Despite emails begging you for money, I haven't actually jumped a plane to London or been mugged at gunpoint. I'm safe and sound at home and an email hacker is having a hay day with my old account. FYI.
I would like to thank everyone who commented on my Schooling Older Adoptees post. Apparently it isn't just a Liberian issue. I sat at my computer and whimpered as I read your appreciation. You have truly blessed me.
I'm losing hair by the fistfuls lately. I have done this after every baby, but that doesn't make it any less scary to see the tub drain covered in hair. Anybody else have postpartum hair loss? Any solutions?
Monday, May 3, 2010
First thing I noticed when I moved all the kids' clothes to the family closet- Daniel has 30 pair of underwear, Chloe has WAY too many clothes, and Maya has 4 shirts. Who knew? (As for Maya, she never asks for anything so I just assumed she really liked those 4 shirts. Whoops!)
Second thing I noticed - the kids (other than Maya) have no idea how to keep their drawers organized. This is where my denial approach came in. I got so overwhelmed looking in their messy drawers, hangers hung backwards on the rod (boys!), and skirts draped over the rod because someone was too lazy to clip it to a skirt hanger (Chloe!), that I just stayed out of their closets and drawers.
So here's the big closet. I have since bought Maya some new clothes, gave away a ton of size 5 underwear, and gave half of Chloe's clothes away. Less is best. All of their out of season clothes are still in underbed boxes under their beds (duh!), since they don't take up any extra space, but the boys' chest and the girls' dresser are in here now. Their closets are now for toys. Goodbye doll house! I don't have to look at you anymore! Bwahaha!
(By the way, Julia's clothes haven't been moved in here yet because I don't want to get her dressed on the floor.)
The girls each have a drawer for their socks and another for their pj's. Same for the boys.
These baskets on top are for shoes that don't currently fit anyone. They are labeled according to size. I have shoes in every size just waiting for bigger feet. This is the ease of shopping for a big family: If it's good quality, buy it. Doesn't matter what size it is as long as it's at least the size of the smallest child. It'll fit someone someday.
These baskets on the lower shelf are for undies and modesty shorts (biker shorts to be worn under skirts and dresses). With them out in the open like this, I can easily see if someone has too many or too few undies. (Seriously Daniel, did you ever even wear a pair twice? Sheesh!) Additionally, the boys each have a basket for their shorts.
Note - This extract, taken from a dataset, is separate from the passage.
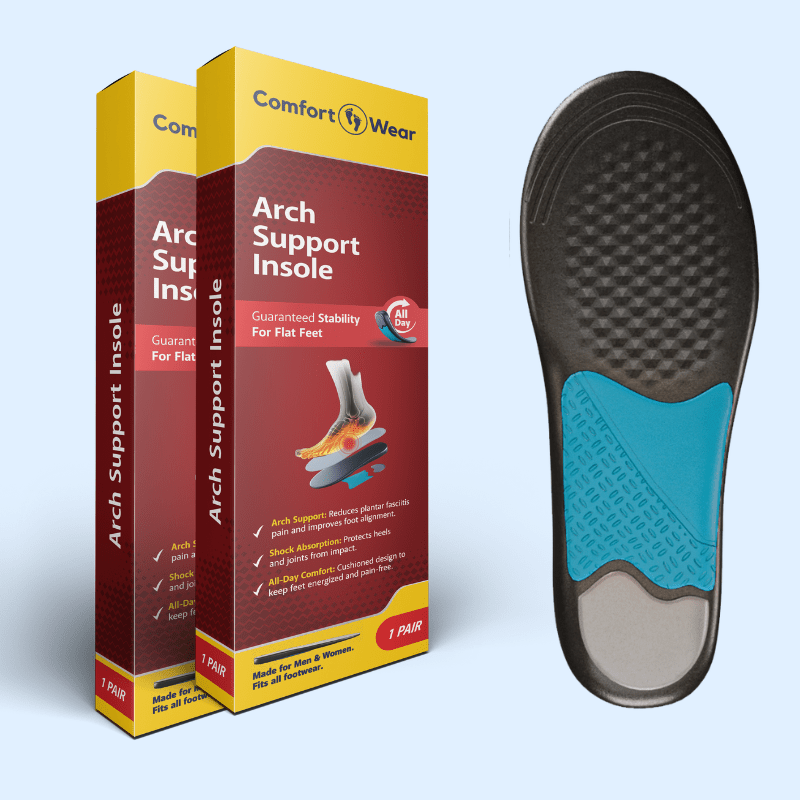 2 Pack - Arch Support Insoles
So here's how it works: The kids get their outfit for the day and get dressed in the family closet, in their room, or in the bathroom. Modesty is still priority. I go in here several times a day and can quickly see who didn't put their pj's away or hang their skirt back up (Chloe again).
On laundry days, I sit in a rocking chair in here and read while they fold and put away their clothes. It's glorious.
This system is making my life so much easier and I don't have to live in denial anymore!